▶ [Exercise aim]:
At the line with "Vista 4 de 1", start transcribing; stop after the last line of the data below. Keep it exact and leave pictures out.

Extracted data entries

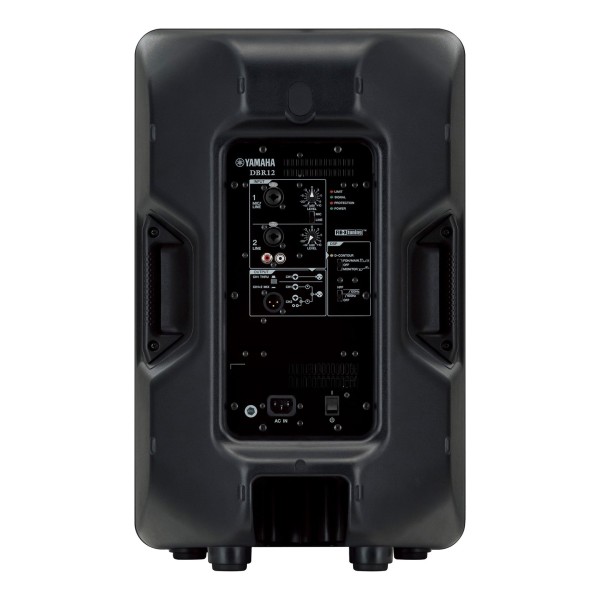 Yamaha DBR12 12 Active PA Speaker, Rear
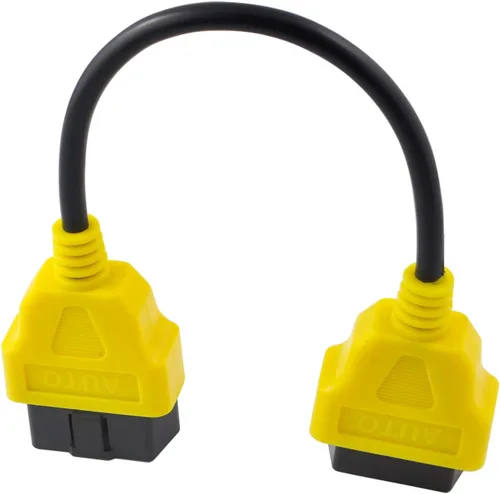 Vista 4 de 1 pie 11.8 in 12 "OBD II OBD2 16 Pin macho a hembra Cable de extensión de diagnóstico del coche adaptador de cable negro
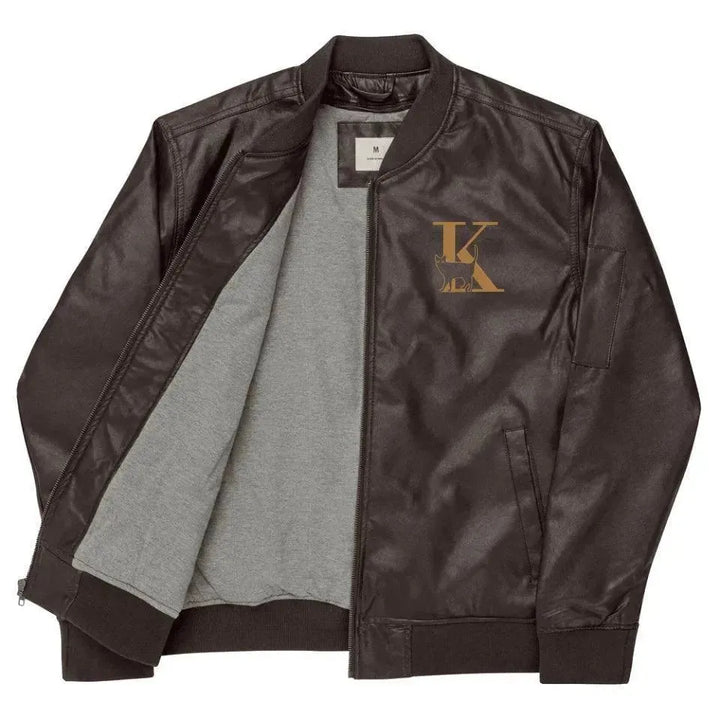 Custom Embroidered Cat Initial Jacket - ARTFULANE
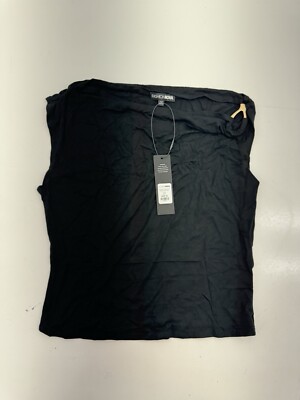Fashion Nova A Sure Thing One Shoulder Black Tank Womens Size XL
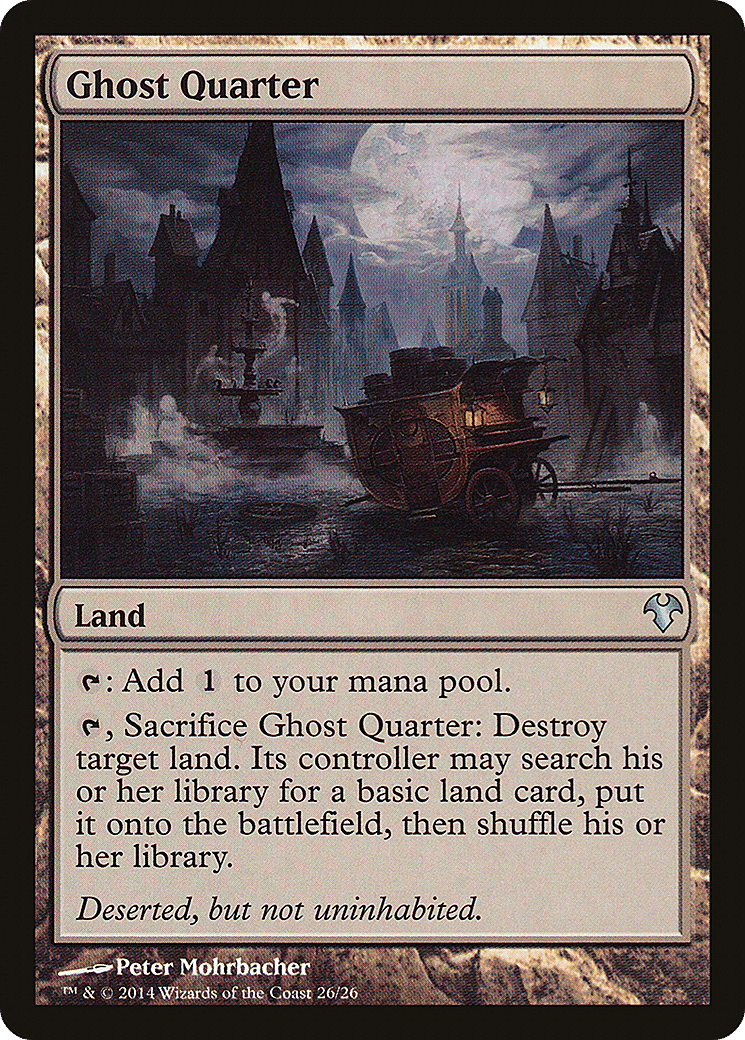 Ghost Quarter — Modern Event Deck 2014 — Magic: The Gathering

▶ [Exercise output]:
 Vista 4 de 1 pie 11.8 in 12 "OBD II OBD2 16 Pin macho a hembra Cable de extensión de diagnóstico del coche adaptador de cable negro
 Custom Embroidered Cat Initial Jacket - ARTFULANE
Fashion Nova A Sure Thing One Shoulder Black Tank Womens Size XL
 Ghost Quarter — Modern Event Deck 2014 — Magic: The Gathering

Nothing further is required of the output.